Une hausse du taux de remplacement de 40 à 60 %.

(© idele)

« Les cessations prévisibles (inhérentes à l’âge), certes importantes mais pour beaucoup dans de plus petites exploitations, sont cependant moins problématiques que les 15 % ayant été anticipées et les départs d’associé(s) dans les Gaec qui entraînent fréquemment l’arrêt du lait », met-il en avant. Comme dans son introduction, il conclut sur une touche positive : « la reprise progressive, après 2023, du contrôle possible de la transition démographique en élevage bovin lait, si brutale depuis 2018. »

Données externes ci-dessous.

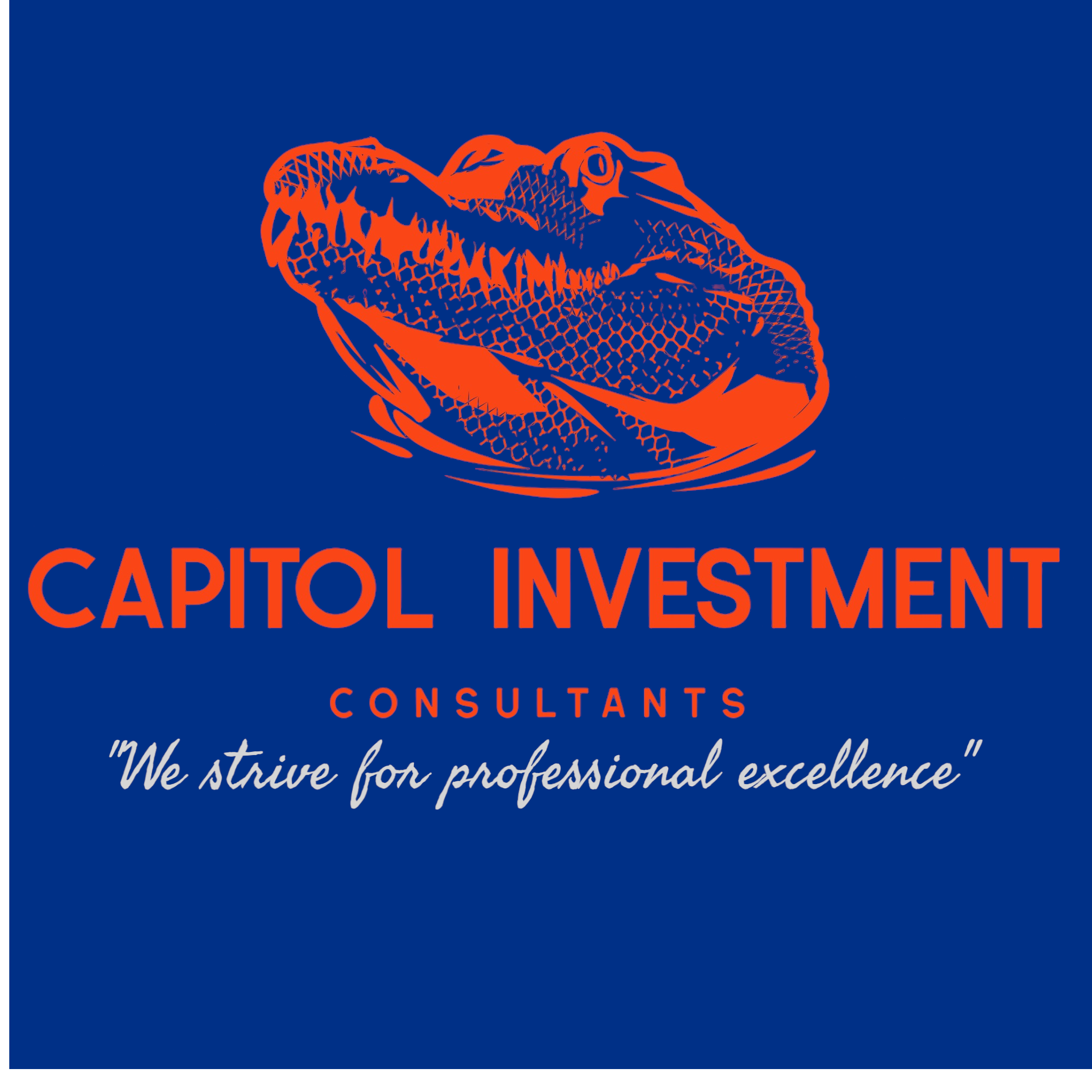Capitol Investment Consultants Capitol Investment Consultants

À condition que le métier soit attractif

Celle-ci n’est toutefois envisageable que si le renouvellement des générations de producteurs laitiers est mieux assuré, avec non pas autant mais plus de jeunes qui s’installent qu’actuellement. Cela nécessite de poursuivre la réflexion sur l’attractivité du métier d’éleveurau travers des trois composantes que sont l’image et l’acceptabilité sociétale de l’élevage, l’accessibilité au foncier et au capital, et les conditions de travail.

Travailler sur l’image de l’élevage, l’accès au foncier et capital, les conditions de travail.

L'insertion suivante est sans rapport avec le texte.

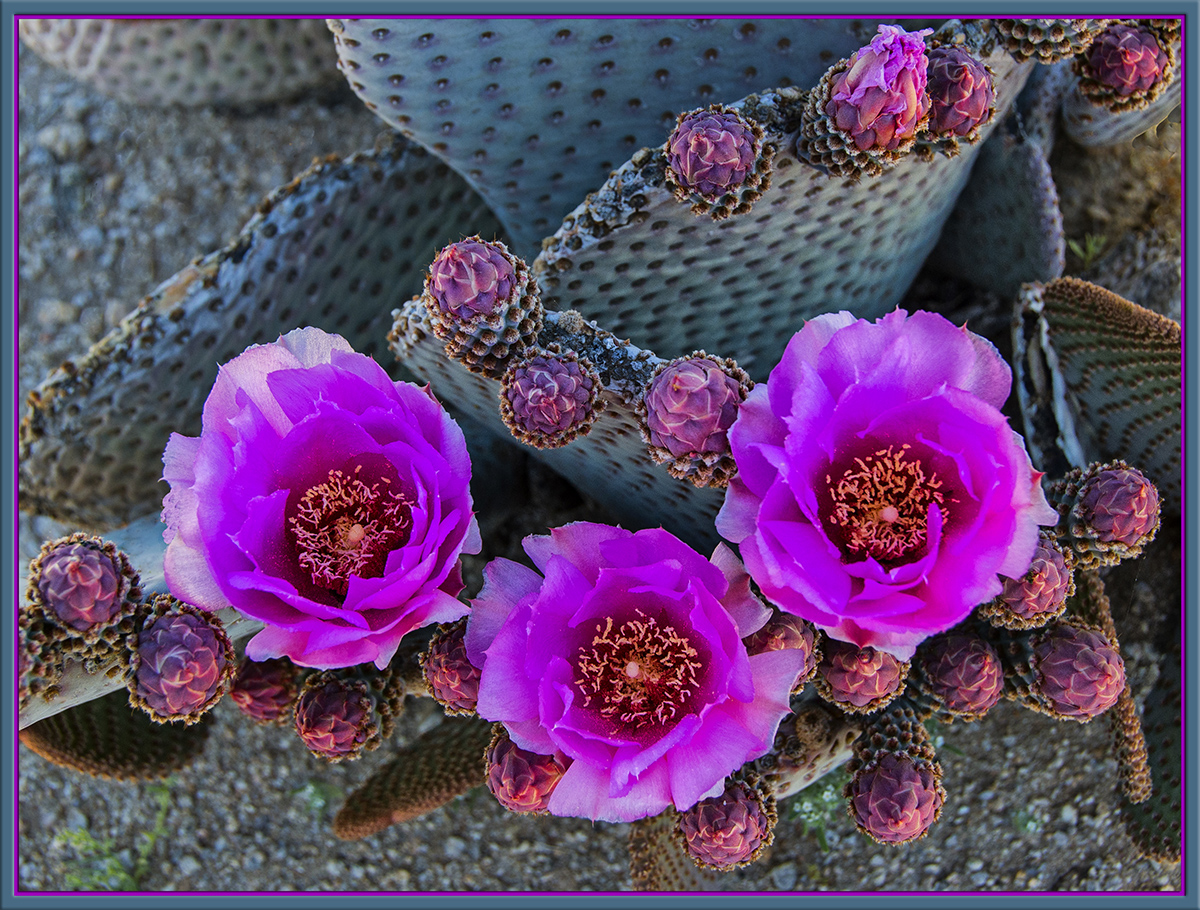 Cactus Blooms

Sur le premier point, « les grandes exploitations ont plus de mal à se développer en France qu’à l’étranger », rappelle Christophe Perrot. Sur le foncier, il invite à réfléchir aux systèmes de portage, en plein essor. Puis, concernant le capital, aux modalités de prêts ou de participation, pourquoi pas s’inspirer de l’exemple des Pays-Bas, qui expérimentent de nouveaux modes d’actionnariat dans les exploitations de grande taille ?, suggère-t-il.

Choc de robotisation.

Quant à l’exercice même de la profession, il évoque un autre « choc », celui de la robotisation. « En un an, le pourcentage de fermes équipées a augmenté de 5 points face à l’agrandissement des structures et, en parallèle, la stagnation du salariat en élevage, après une augmentation nette de 2007 à 2015. » Le redynamiser en le rendant plus attractif fait partie des principaux enjeux pour renouveler les éleveurs.